Delete the Harbor extension from a Tanzu Kubernetes cluster.

Note: Complete the steps in order. Do not delete the Contour namespace and role objects before the Contour extension and app are deleted. Deleting the Contour namespace and role objects deletes the service account used by kapp-controller.
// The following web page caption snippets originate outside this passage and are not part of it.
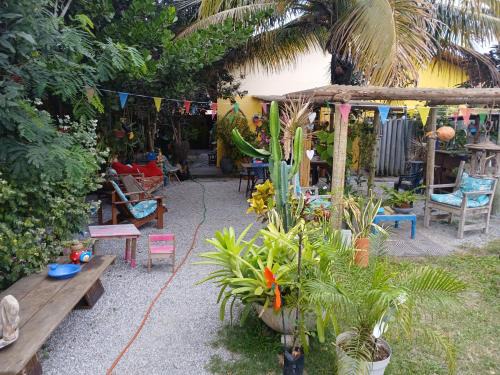 Itauna Hotel | Pousada Sol das Amendoeiras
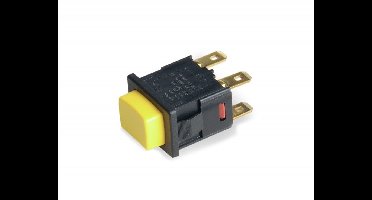 Kärcher - Schakelaar / Aan/Uit-Knop (6.630-769.0) - Onderdeel - Voor T 7/1 & T 8/1 Stofzuigers - Origineel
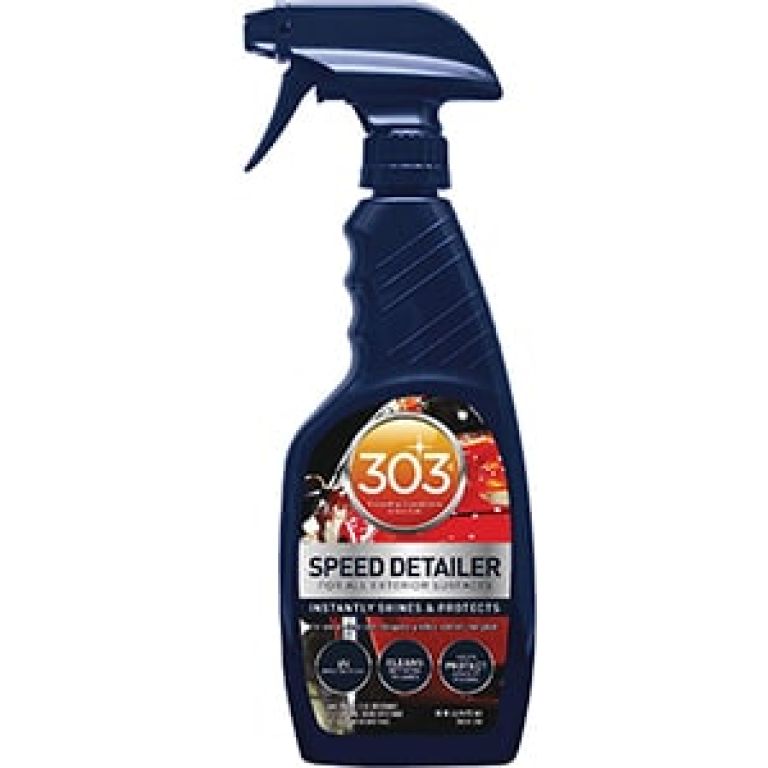 303 303 SPEED DETAILER 30216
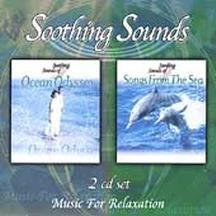 Ocean Odyssey; Songs from the Sea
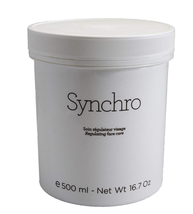 GERnetic Synchro Balancing Moisturizer for Dry & Normal Skin, 16.7 Oz.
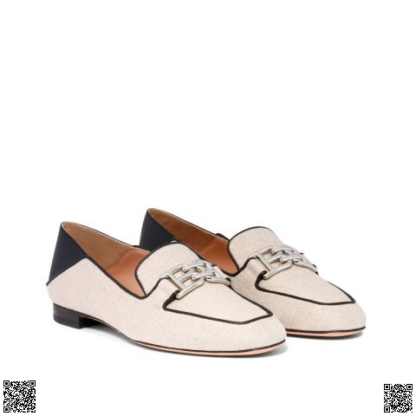 美國代購正品 Bally 樂福鞋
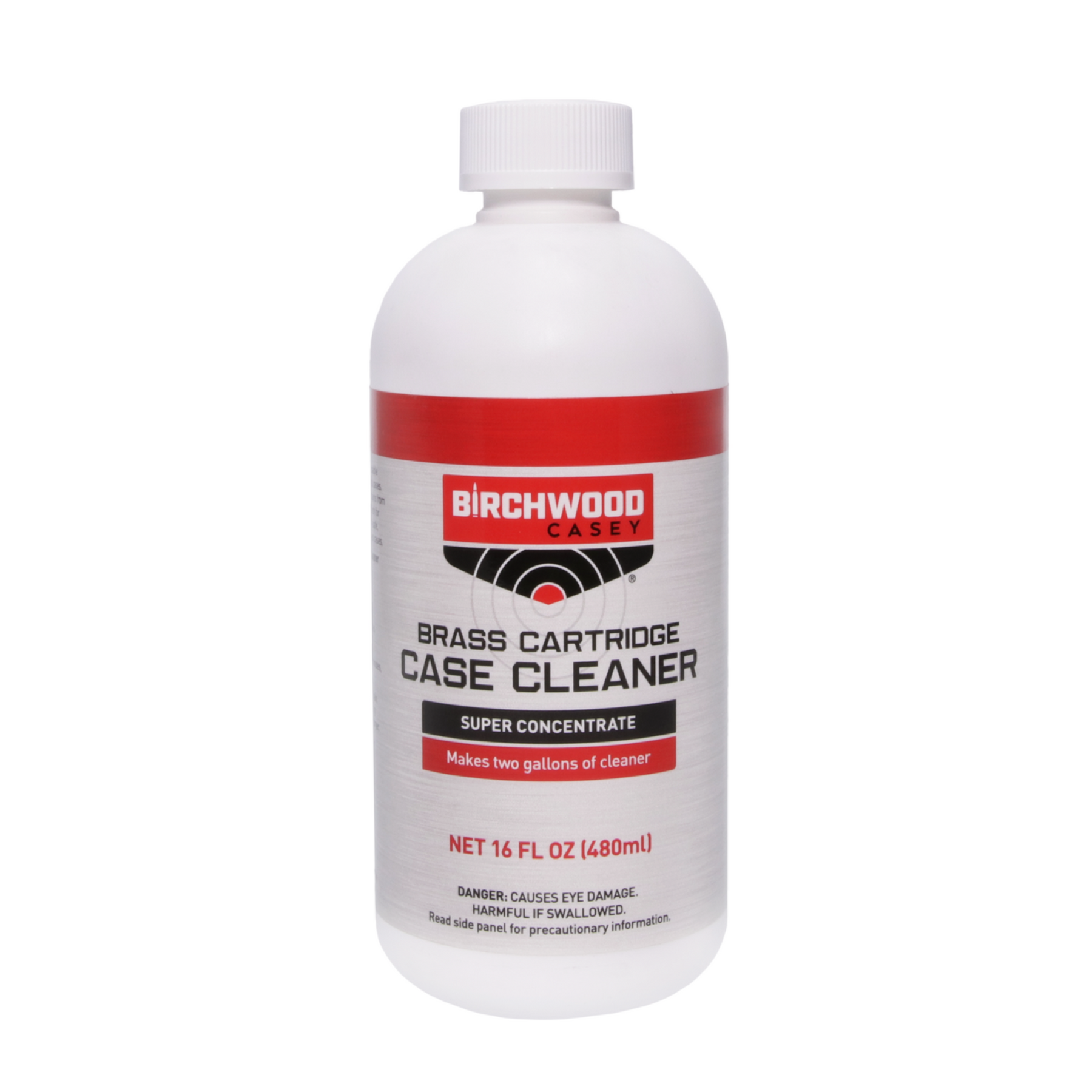BIRCHWOOD CASEY | BRASS CARTRIDGE CASE CLEANER - Detergente per bossoli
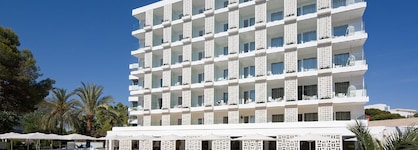 Hm Balanguera Beach- Adults Only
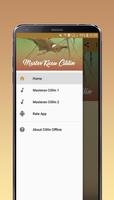 پوستر Master Kicau Cililin Offline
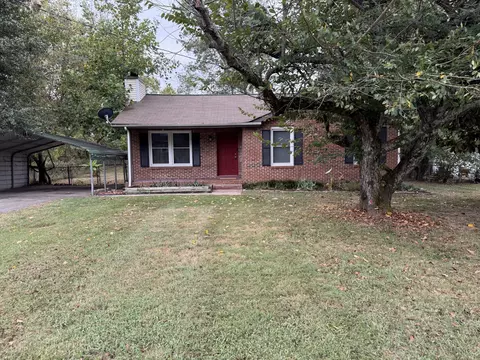 3446 Arvin Dr, Clarksville, TN 37042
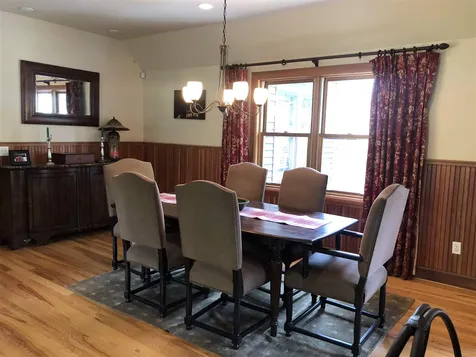2363 West Hill Road Stowe VT 05672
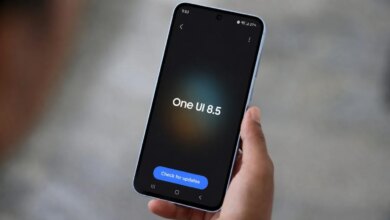 One UI 8.5 Diam-Diam Ubah Tombol Snooze, Kini Hitung Mundur Tiap Detik Alarm Anda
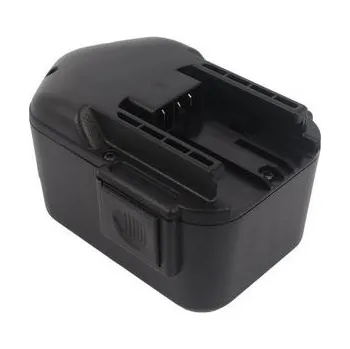 Baterie pro Milwaukee 0516-20, 3000 mAh, Cameron Sino CS-ABM140PX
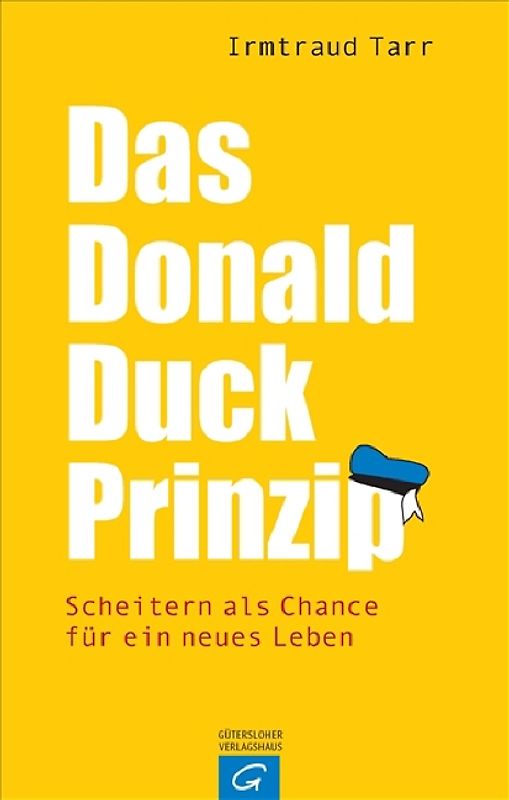 Das Donald Duck Prinzip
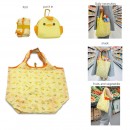 Portable foldable storage bag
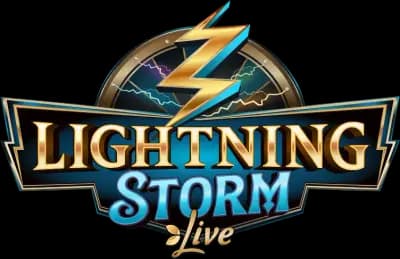 Lightning Storm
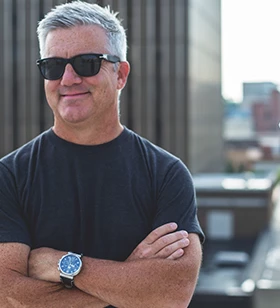 President, Sr. Creative Director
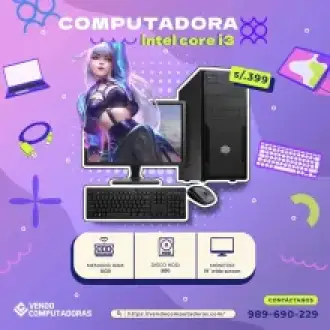 Rendimiento y estilo en tu próxima computadora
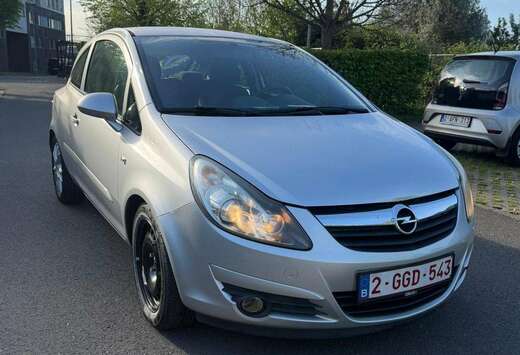 Opel Corsa 1.2i Enjoy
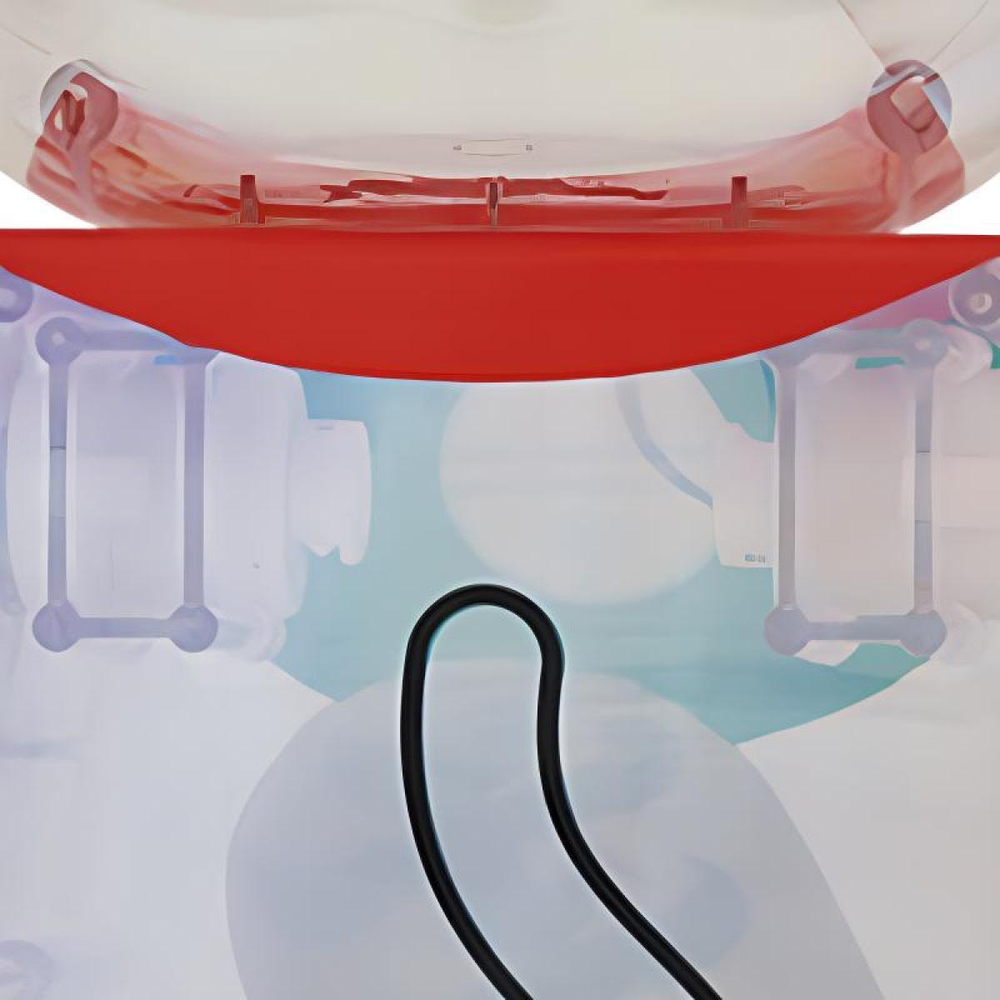 Дизайнерские игрушки BE@RBRICK 1000% 70cm, 2651462-610282731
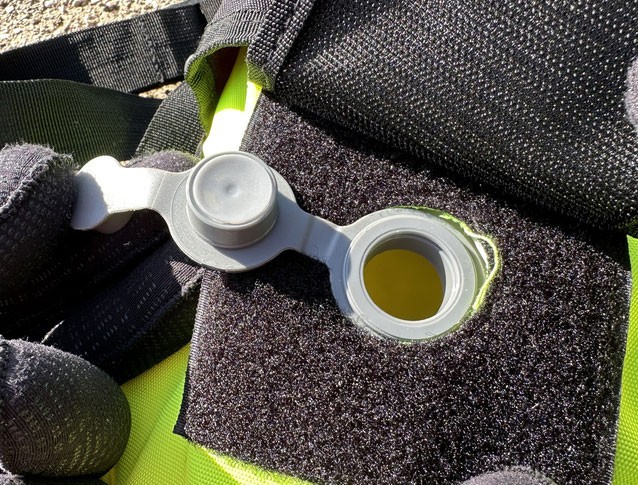 Seac Sea Bridge Inflatable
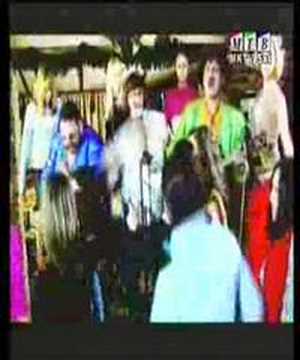 DUO TRIO - KILIBARNA LISICA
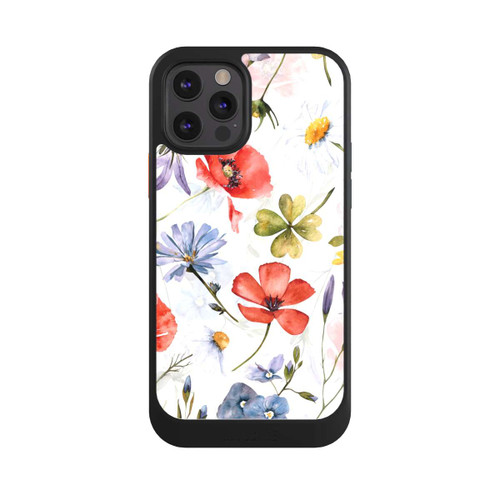 Apple iPhone 12 Pro NIVOcore Blumenwiese 2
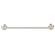 Moen Sage アルミニウム製タオルバー (DN6818BN) / SAGE 18" TOWEL BAR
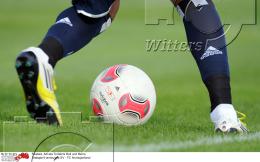 Fussball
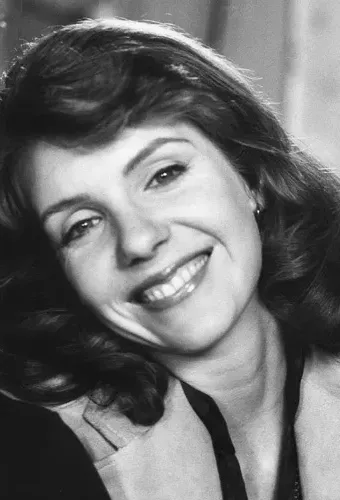 Jill Clayburgh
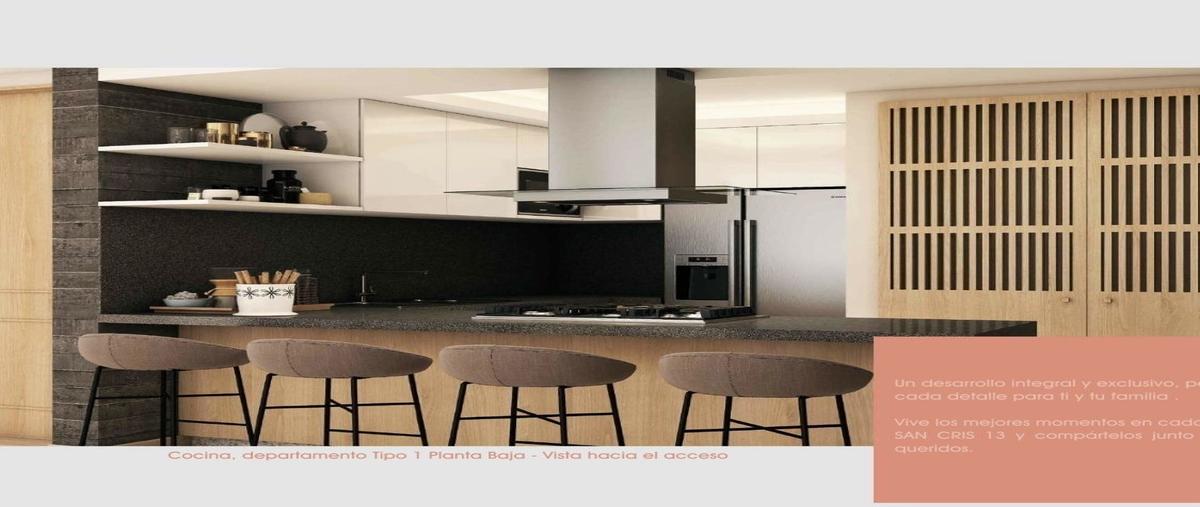 Foto de departamento en venta en san cristobal , roma norte, cuauhtémoc, df / cdmx, 29896494 No. 05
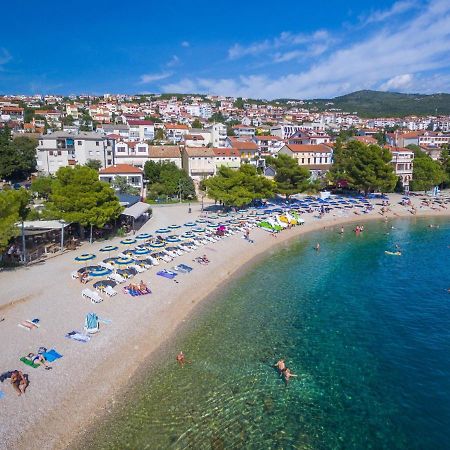 Apartment Vedry Crikvenica Exteriér fotografie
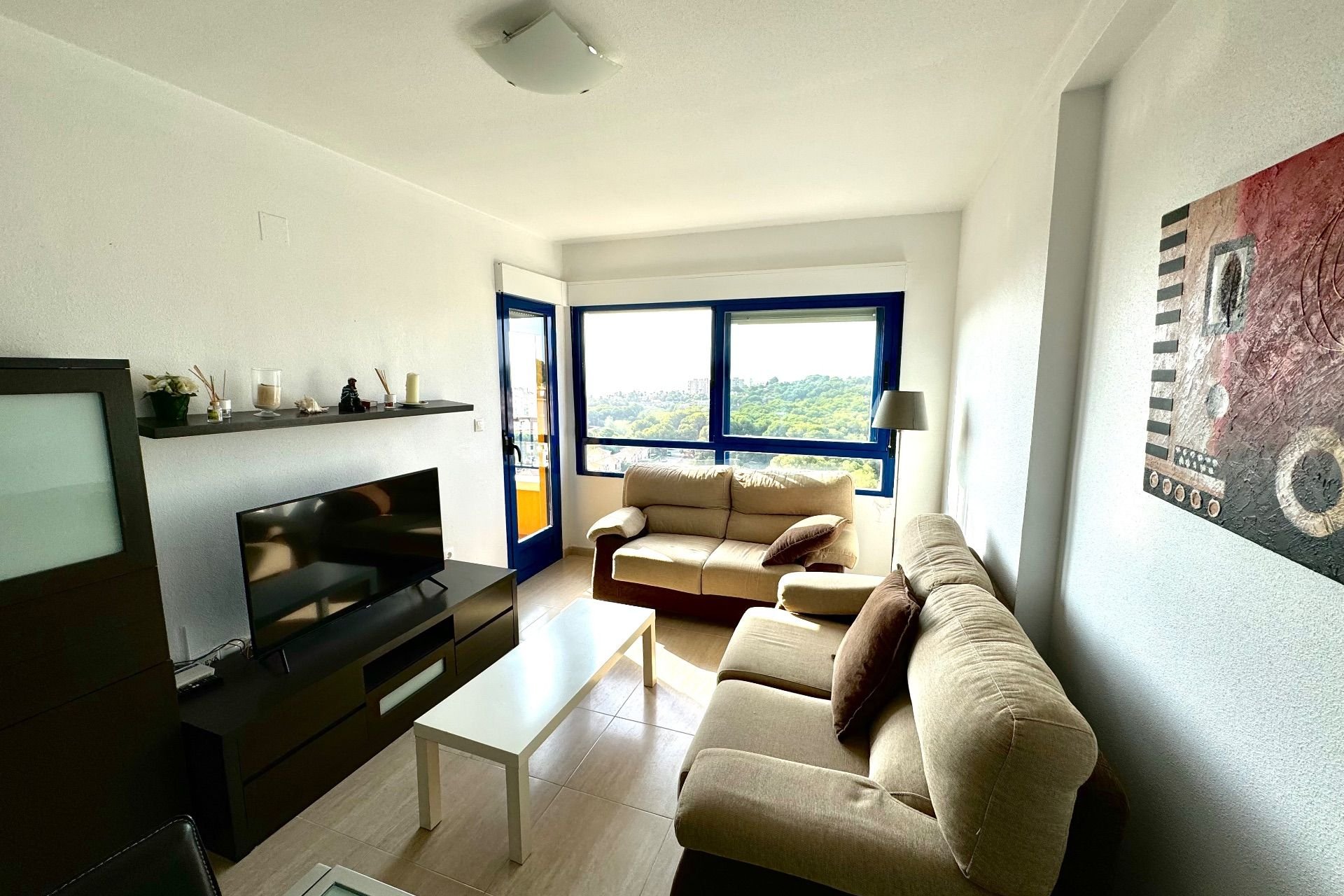 Alquiler - Apartamento / piso - Orihuela Costa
If this service account is deleted before the app and extension are deleted, it can lead to system errors.
  1. Change directory to where you have downloaded the Harbor extension files.
    cd /extensions/registry/harbor/
  2. Delete the Harbor app.
    kubectl delete app harod -n tanzu-system-registry
    Expected result:
    app.kappctrl.k14s.io "harbor" deleted
  3. Verify that the Harbor app is deleted.
    kubectl get app Harbor -n tanzu-system-registry
    Expected result: The app is Not Found.
    apps.kappctrl.k14s.io "harbor" not found
  4. Delete the Registry namespace.
    Only after you have confirmed that the Harbor extension and app are fully deleted is safe to delete the namespace and role objects.
    kubectl delete -f namespace-role.yaml
    Expected result: The namespace where Harbor is deployed, and the associated role-based access control objects, are deleted.
    namespace "tanzu-system-registry" deleted
    serviceaccount "harbor-extension-sa" deleted
    role.rbac.authorization.k8s.io "harbor-extension-role" deleted
    rolebinding.rbac.authorization.k8s.io "harbor-extension-rolebinding" deleted
    clusterrole.rbac.authorization.k8s.io "harbor-extension-cluster-role" deleted
    clusterrolebinding.rbac.authorization.k8s.io "harbor-extension-cluster-rolebinding" deleted

Upgrade the Harbor Extension

If you have an existing Harbor extension deployed, you can upgrade it to the latest version.
  1. Get the Harbor configmap.
    kubectl get configmap harbor -n tanzu-system-harbor -o 'go-template={{ index .data "harbor.yaml" }}' > harbor-configmap.yaml
    
  2. Delete the existing Harbor deployment. See Delete the Harbor Extension.
  3. Deploy the Harbor extension. See Deploy the Harbor Extension.